Deuteronomy 24

Deuteronomy 24  •  2 min. read  •  grade level: 9
So again in Deuteronomy 24 the question of divorce is treated, where we must say that a certain allowance was made them for the wilfulness of man in this respect. This is no matter of opinion; for our Lord Jesus Christ has ruled in this. Nobody can understand the law aright, or the Scriptures of the Old Testament in general, unless he bear in mind that in it God is dealing with man as such. Consequently, though there is wisdom and goodness and righteousness, it is man in the flesh under trial, and hence it is not yet the perfection of the divine mind displayed. This last is only found when Christ comes. The first Adam is not the Second; and it was with the first man that God was then at work. No part of the law lacks the wisdom of God; but, Christ not being yet revealed, He did not as a fact go beyond man as he then was. To have brought in what was suitable for the Second man could not have applied to Israel in their then condition.
And God, it seems to me, has distinctly marked this in Scripture even in an outward fashion, inasmuch as He has not been pleased to give us His word even in the same tongue. The standing witness against the folly of confounding the two Testaments finds its rebuke in the patent fact that the Old Testament is in one language, the New Testament in another. So plain a difference on its very face one might have thought it impossible to overlook; but even believers accept shortsightedness in divine things, and just so far as tradition influences them; for people scarcely think about Scripture, and thus they do not know how to apply the clearest and surest facts, as well as God’s words, before all eyes.

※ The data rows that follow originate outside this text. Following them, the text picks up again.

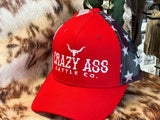Crazy Ass Cattle Company Red & Flag Cap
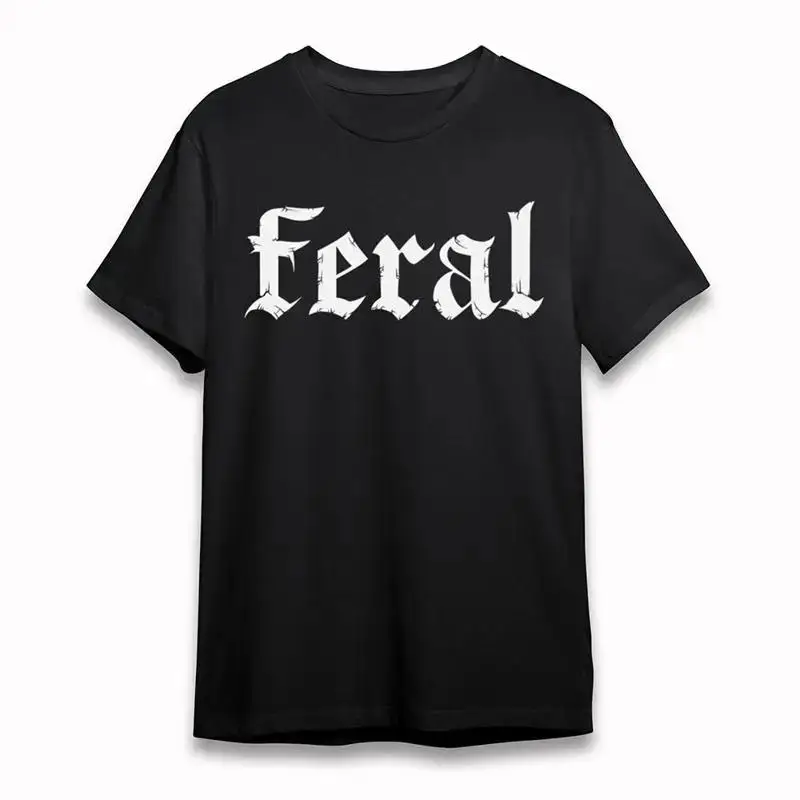 Men'S Fashion T Shirt Feral Text Gothic Lettering Black Cotton
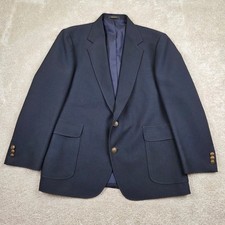 Haggar Mens 44R Blazer Navy Blue Gold Crest Buttons 2 Button Sport Coat USA Made
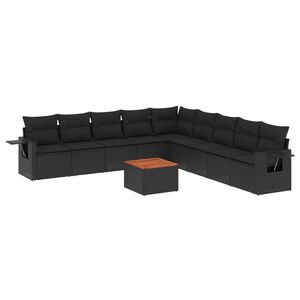 vidaXL Salon de jardin 10 pcs avec coussins noir r&eacute;sine tress&eacute;e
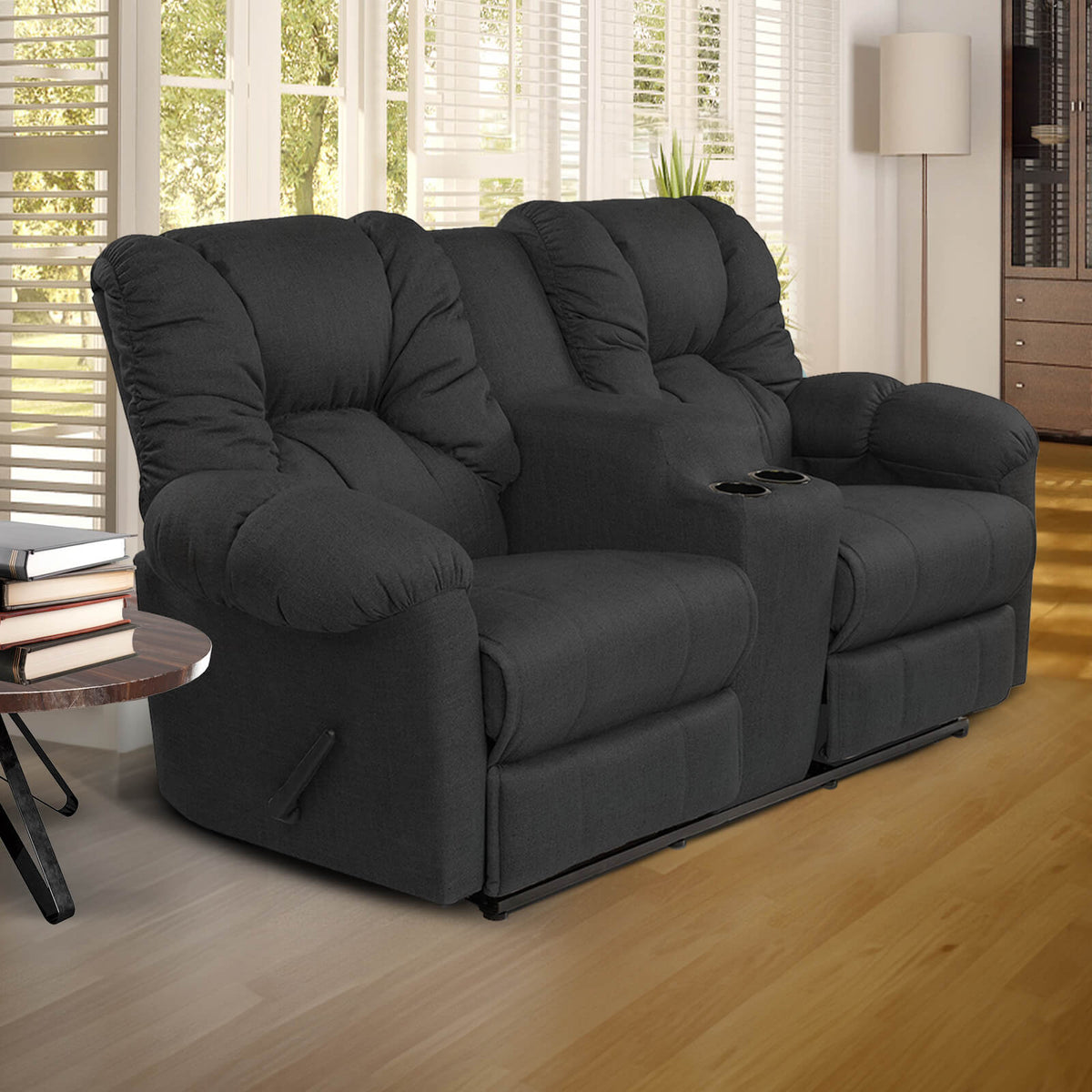 Linen Double Cinematic Recliner Chair with Cups Holder - American Polo Dark Grey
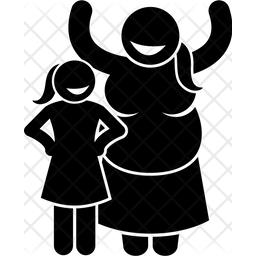 256x256 Strong Woman Icon Of Glyph Style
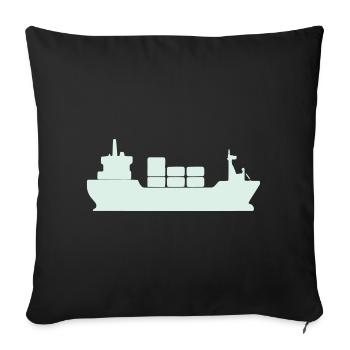 Containerfrachter Silhouette - Sofakissenbezug 45 x 45 cm - Schwarz - Vorne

But there is much more than the use of different languages – there is the difference between the first man fallen into sin and the Second man who first descended into the lower parts of the earth, and then ascended above the heavens after accomplishing the mighty work of redemption. Assuredly this is all the difference possible, and it is just what reigns between the Old and the New Testament, not in the hearts of saints, but as a state of things. Consequently, the relationship is altogether of another sort. Hence the provisions that were suitable and appropriate, when God had as an object before Him the first man, could not apply to the Second, under whose revelation and redemption we find ourselves. This must be borne in mind if we would judge rightly about these types, or the law in general which made nothing perfect.